# Your assignment
In the records below, repeat word for word only the lines starting at the one that contains "Le procureur Richard" and ending at the one that contains "Imagem de Tela", pictures excluded.

Top of Records provided

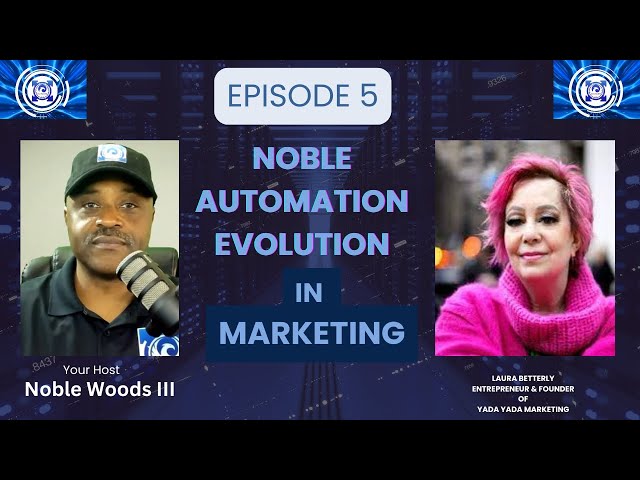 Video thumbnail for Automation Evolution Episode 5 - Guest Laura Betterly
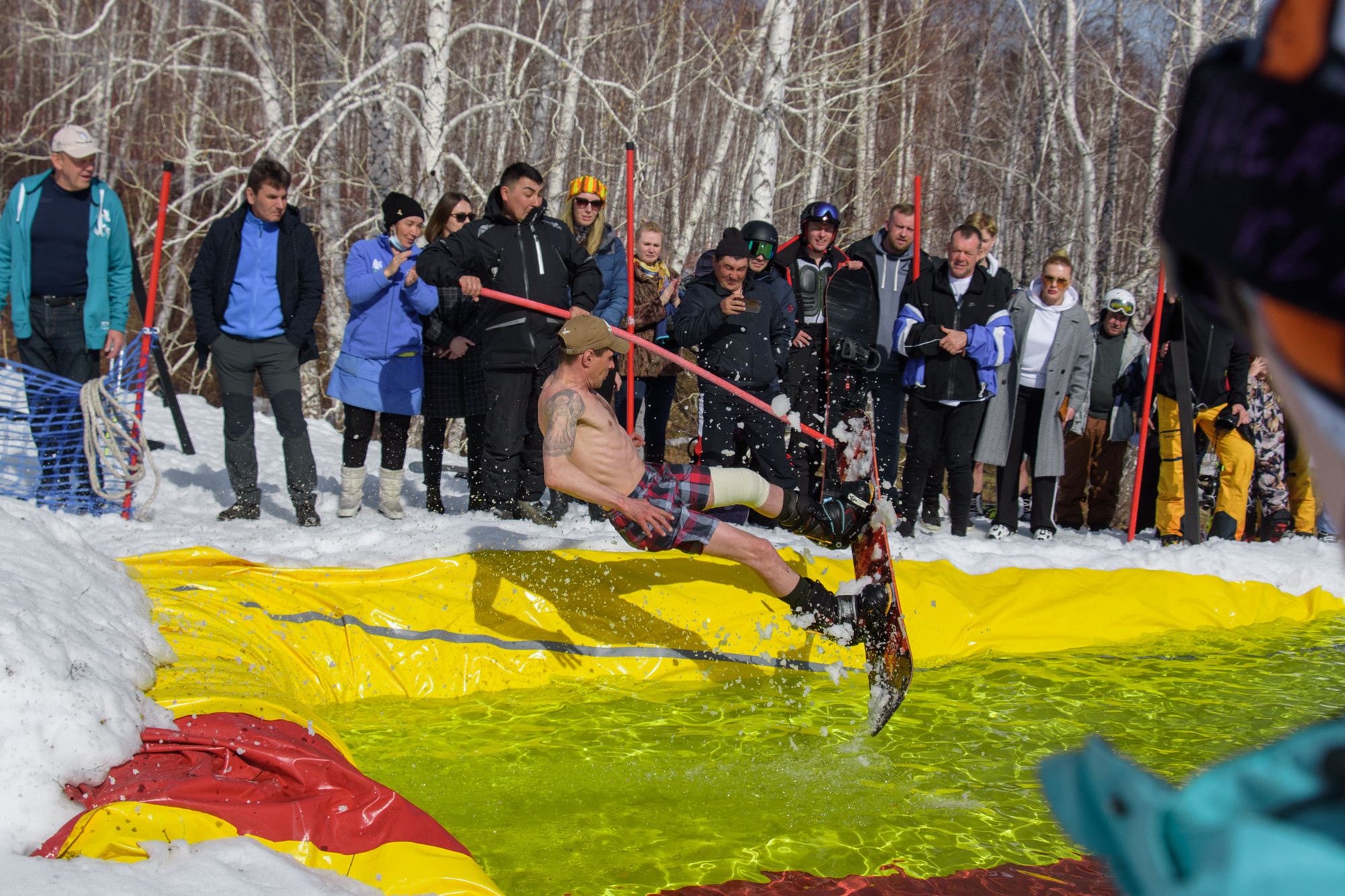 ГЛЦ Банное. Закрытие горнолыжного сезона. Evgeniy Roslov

Bottom of Records provided
Top of Records provided

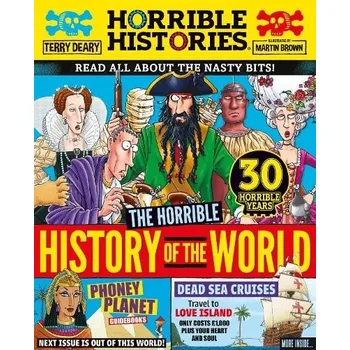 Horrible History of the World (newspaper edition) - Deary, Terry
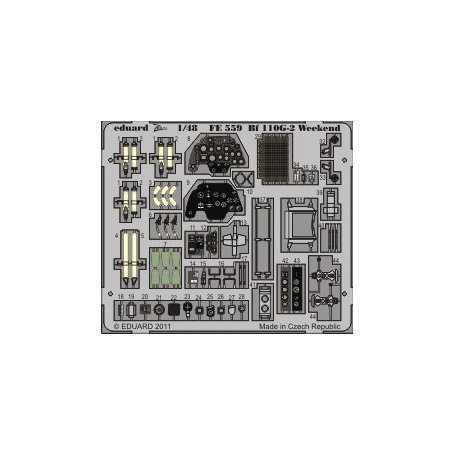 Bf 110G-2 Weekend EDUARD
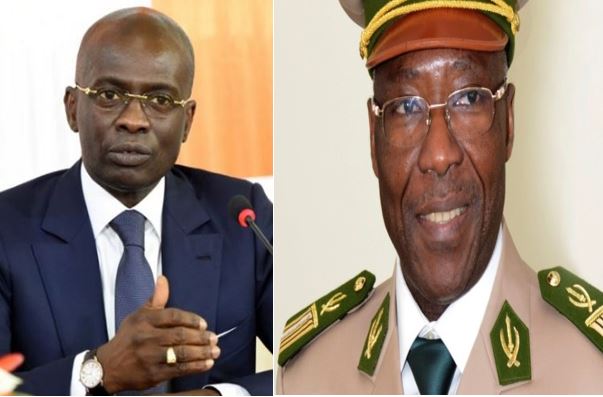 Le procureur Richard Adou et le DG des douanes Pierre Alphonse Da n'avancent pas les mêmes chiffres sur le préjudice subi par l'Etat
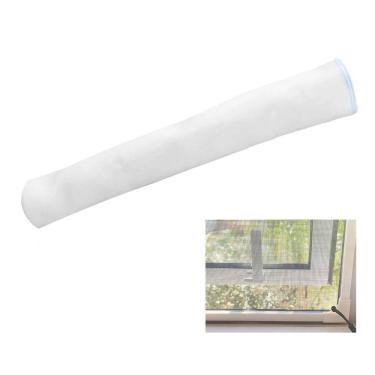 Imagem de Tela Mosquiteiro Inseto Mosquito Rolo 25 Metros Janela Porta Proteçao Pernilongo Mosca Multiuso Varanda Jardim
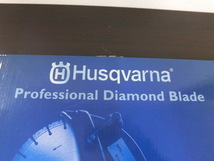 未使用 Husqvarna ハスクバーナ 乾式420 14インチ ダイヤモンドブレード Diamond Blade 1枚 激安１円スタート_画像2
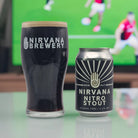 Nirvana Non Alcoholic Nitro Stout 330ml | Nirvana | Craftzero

Bottom of Records provided

# Finished exercise
 Le procureur Richard Adou et le DG des douanes Pierre Alphonse Da n'avancent pas les mêmes chiffres sur le préjudice subi par l'Etat
 Imagem de Tela Mosquiteiro Inseto Mosquito Rolo 25 Metros Janela Porta Proteçao Pernilongo Mosca Multiuso Varanda Jardim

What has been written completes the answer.